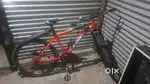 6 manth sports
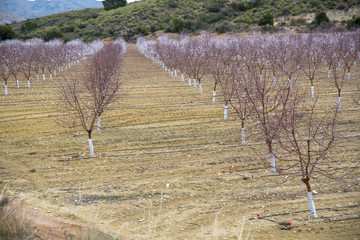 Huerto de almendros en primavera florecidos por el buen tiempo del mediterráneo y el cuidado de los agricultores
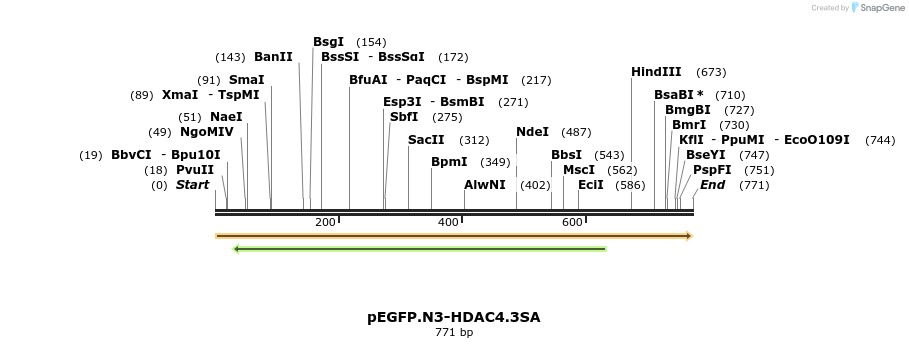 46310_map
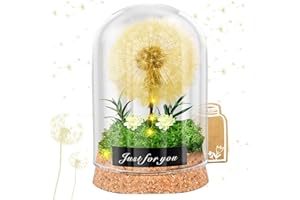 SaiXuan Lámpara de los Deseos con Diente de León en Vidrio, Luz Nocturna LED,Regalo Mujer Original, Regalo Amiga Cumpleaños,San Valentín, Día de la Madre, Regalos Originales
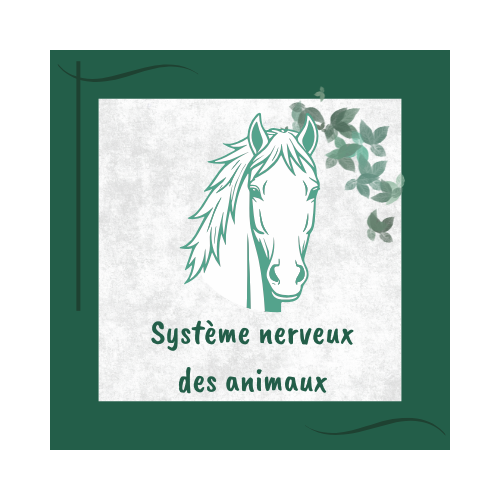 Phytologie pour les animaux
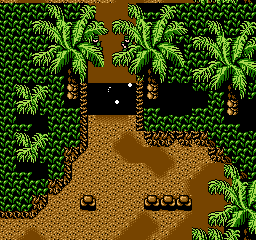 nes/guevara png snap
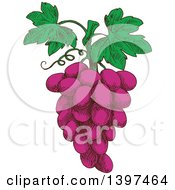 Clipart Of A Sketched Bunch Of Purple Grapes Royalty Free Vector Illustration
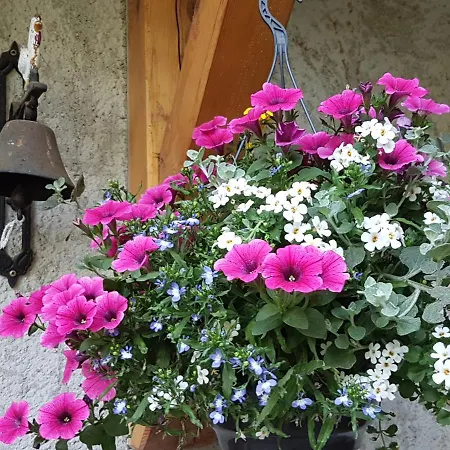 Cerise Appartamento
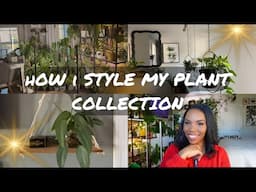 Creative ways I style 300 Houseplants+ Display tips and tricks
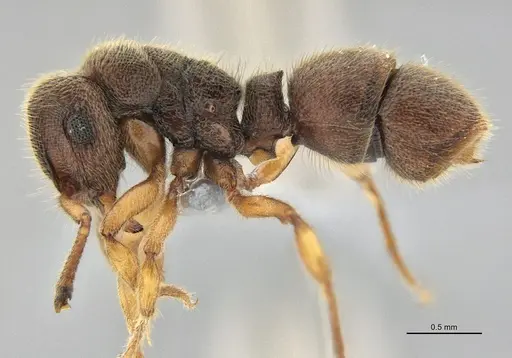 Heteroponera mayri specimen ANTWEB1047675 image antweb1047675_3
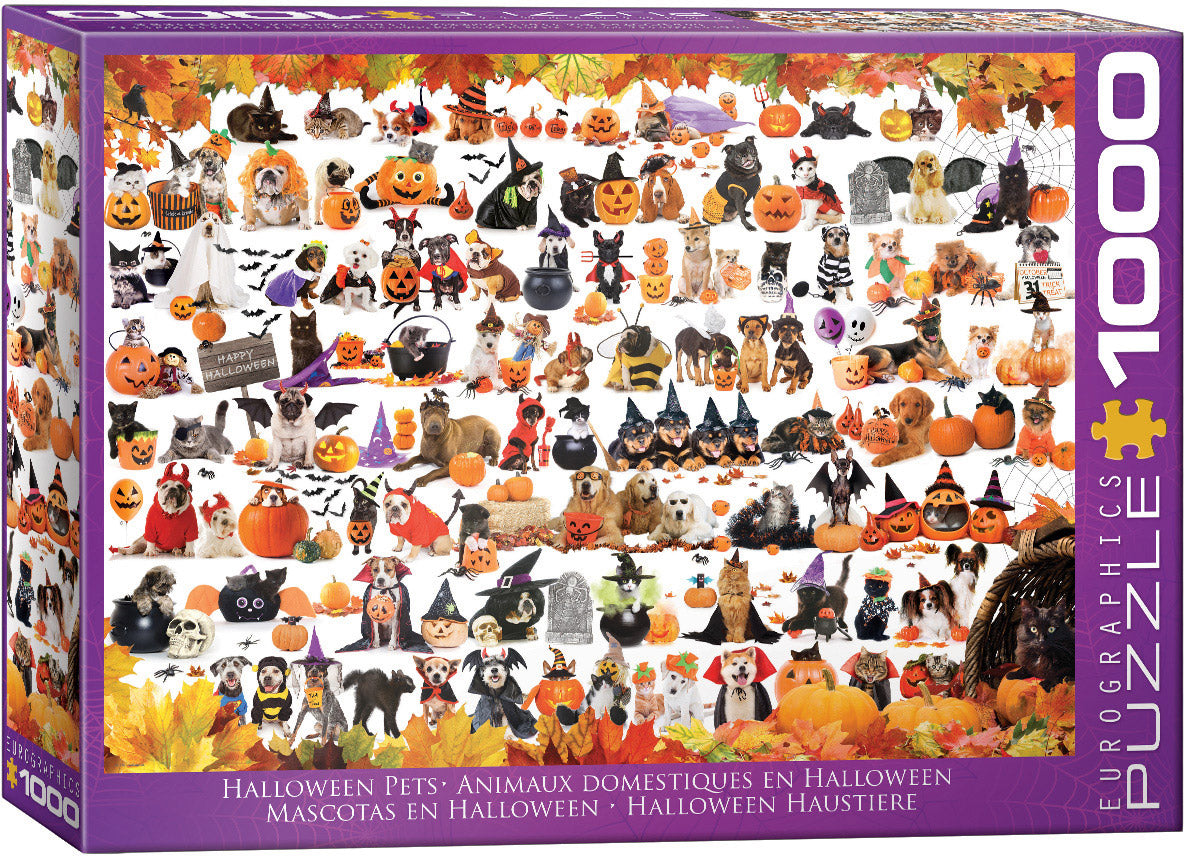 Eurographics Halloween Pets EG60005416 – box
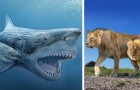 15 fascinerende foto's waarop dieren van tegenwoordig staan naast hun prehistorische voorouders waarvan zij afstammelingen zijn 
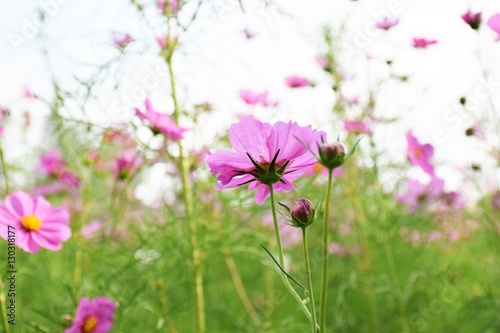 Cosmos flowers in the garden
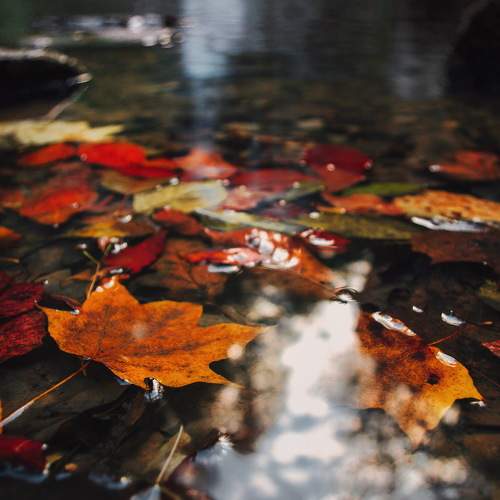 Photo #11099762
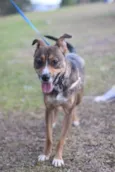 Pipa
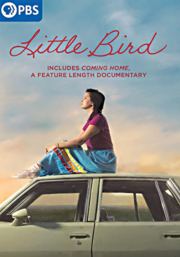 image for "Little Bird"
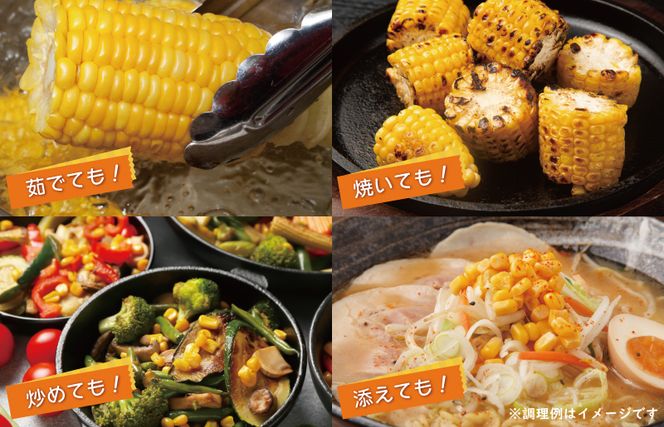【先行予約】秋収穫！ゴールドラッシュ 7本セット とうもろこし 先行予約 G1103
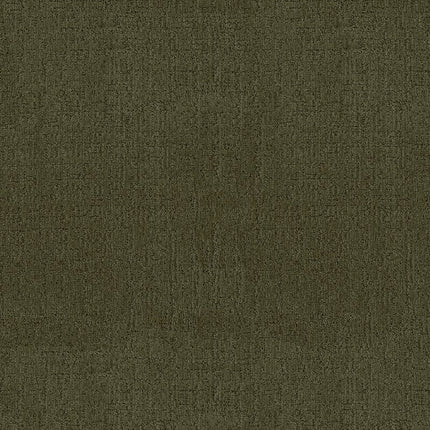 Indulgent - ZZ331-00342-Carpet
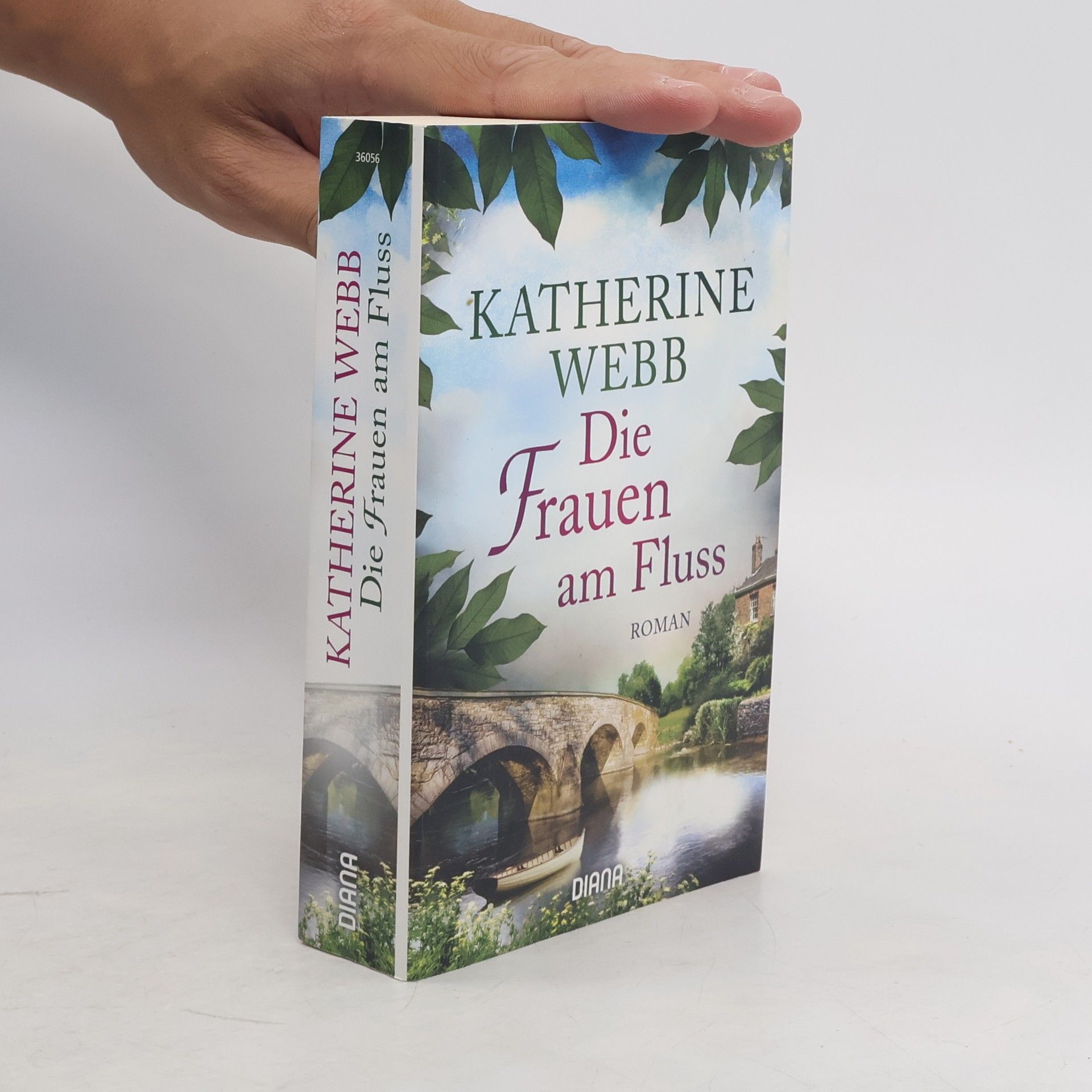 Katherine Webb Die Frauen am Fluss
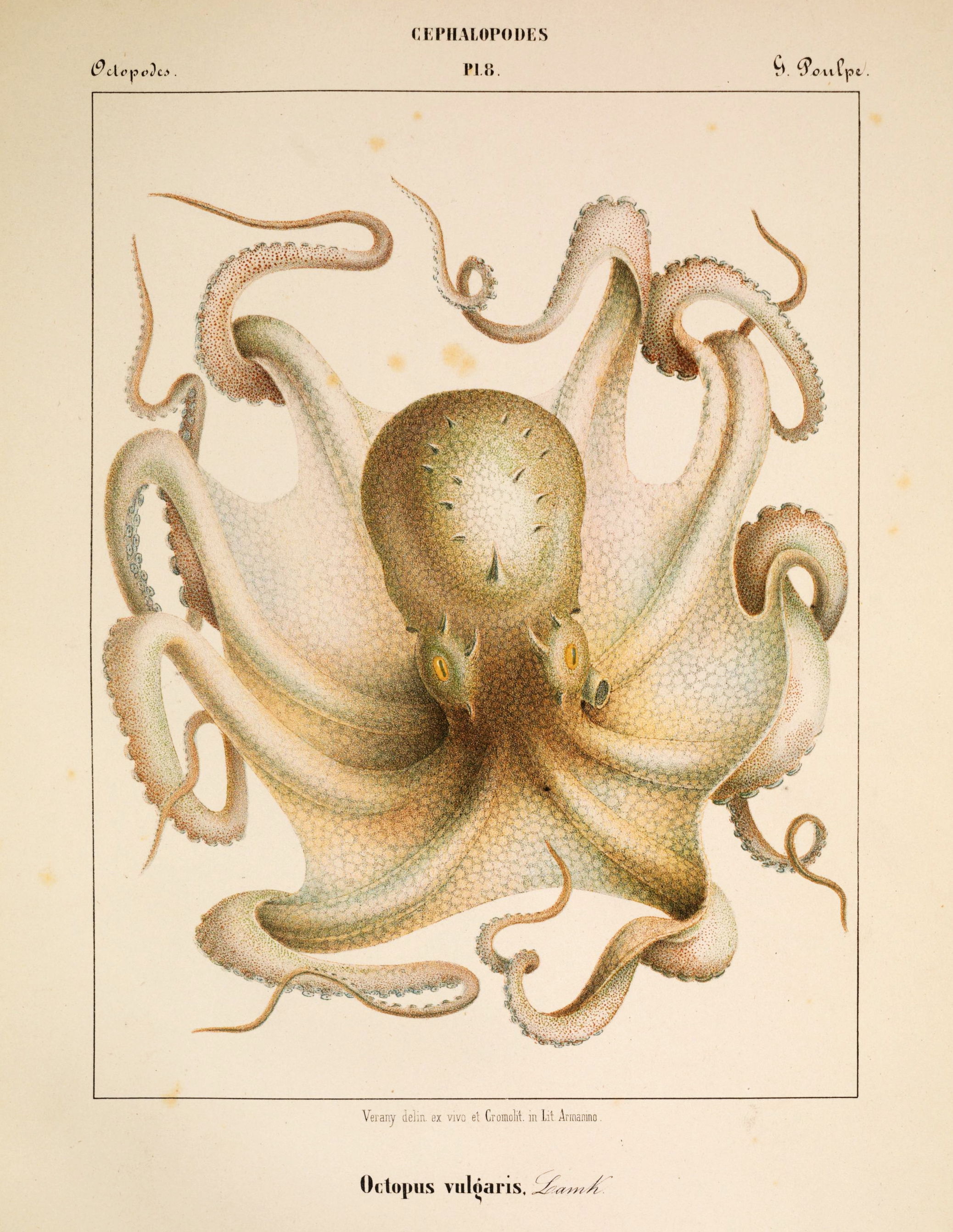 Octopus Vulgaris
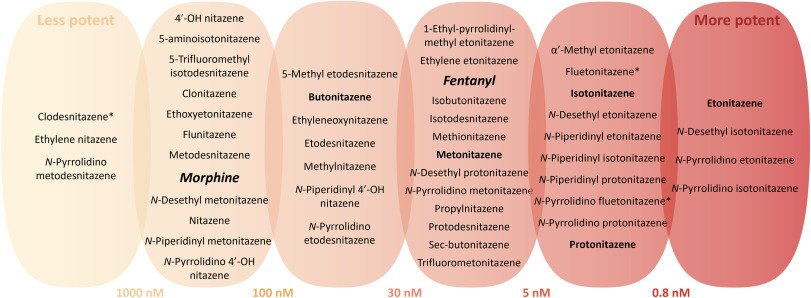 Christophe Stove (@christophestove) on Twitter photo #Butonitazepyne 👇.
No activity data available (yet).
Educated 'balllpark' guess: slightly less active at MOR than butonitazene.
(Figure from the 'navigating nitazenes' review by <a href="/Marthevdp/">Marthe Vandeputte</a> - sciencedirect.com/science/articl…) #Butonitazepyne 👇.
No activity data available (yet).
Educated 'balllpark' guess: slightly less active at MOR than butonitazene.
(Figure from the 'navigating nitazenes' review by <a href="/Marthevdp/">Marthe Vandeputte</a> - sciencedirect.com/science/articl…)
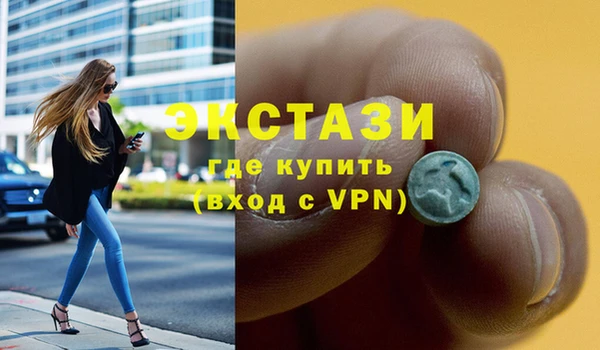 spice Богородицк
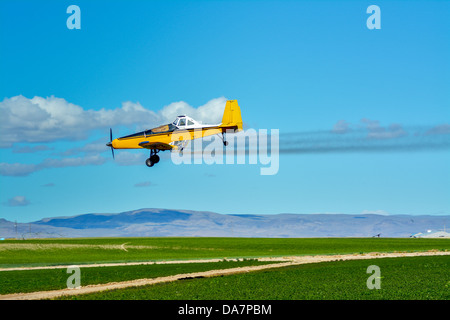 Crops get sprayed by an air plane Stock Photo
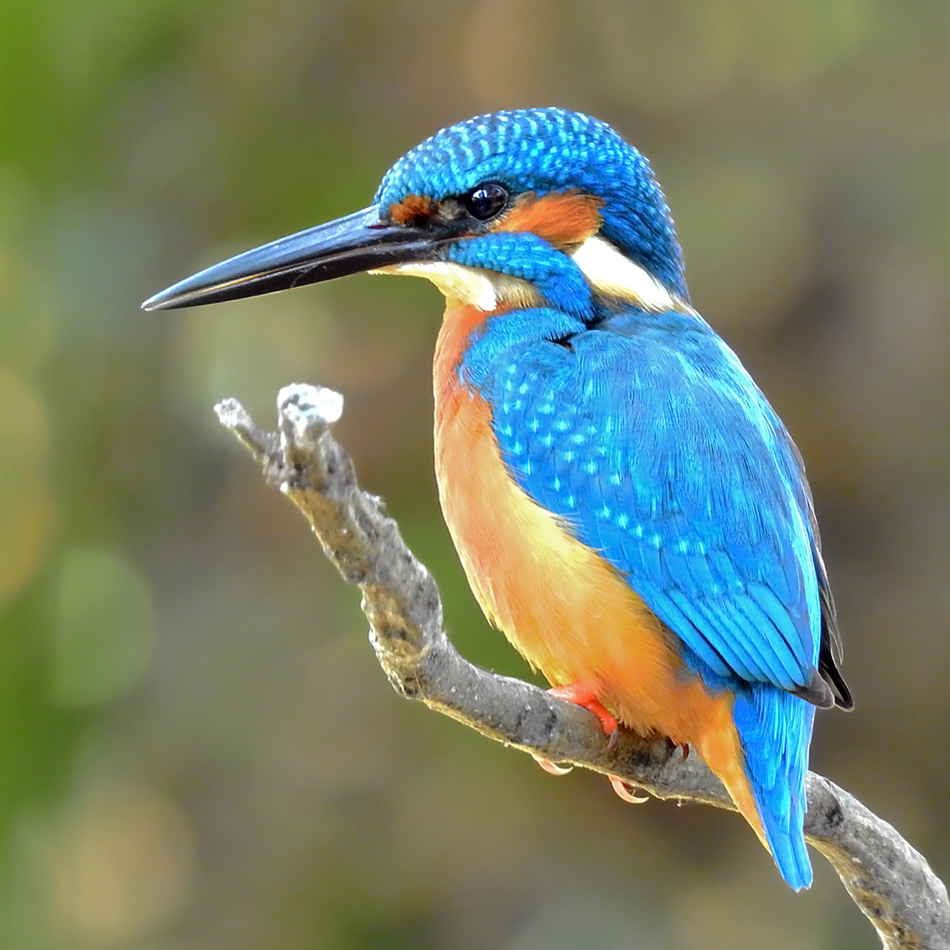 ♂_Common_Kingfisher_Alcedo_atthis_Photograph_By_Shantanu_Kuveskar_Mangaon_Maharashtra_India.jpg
********************
Task description: Output the records above in their entirety and exactly, leaving out all images.

Solution to this task:
 6 manth sports
 Huerto de almendros en primavera florecidos por el buen tiempo del mediterráneo y el cuidado de los agricultores
 46310_map
 SaiXuan Lámpara de los Deseos con Diente de León en Vidrio, Luz Nocturna LED,Regalo Mujer Original, Regalo Amiga Cumpleaños,San Valentín, Día de la Madre, Regalos Originales
 Phytologie pour les animaux
 nes/guevara png snap
 Clipart Of A Sketched Bunch Of Purple Grapes Royalty Free Vector Illustration
 Cerise Appartamento
 Creative ways I style 300 Houseplants+ Display tips and tricks
 Heteroponera mayri specimen ANTWEB1047675 image antweb1047675_3
 Eurographics Halloween Pets EG60005416 – box
 15 fascinerende foto's waarop dieren van tegenwoordig staan naast hun prehistorische voorouders waarvan zij afstammelingen zijn 
 Cosmos flowers in the garden
 Photo #11099762
 Pipa
 image for "Little Bird"
【先行予約】秋収穫！ゴールドラッシュ 7本セット とうもろこし 先行予約 G1103
 Indulgent - ZZ331-00342-Carpet
 Katherine Webb Die Frauen am Fluss
 Octopus Vulgaris
 Christophe Stove (@christophestove) on Twitter photo #Butonitazepyne 👇.
No activity data available (yet).
Educated 'balllpark' guess: slightly less active at MOR than butonitazene.
(Figure from the 'navigating nitazenes' review by <a href="/Marthevdp/">Marthe Vandeputte</a> - sciencedirect.com/science/articl…) #Butonitazepyne 👇.
No activity data available (yet).
Educated 'balllpark' guess: slightly less active at MOR than butonitazene.
(Figure from the 'navigating nitazenes' review by <a href="/Marthevdp/">Marthe Vandeputte</a> - sciencedirect.com/science/articl…)
 spice Богородицк
 Crops get sprayed by an air plane Stock Photo
 ♂_Common_Kingfisher_Alcedo_atthis_Photograph_By_Shantanu_Kuveskar_Mangaon_Maharashtra_India.jpg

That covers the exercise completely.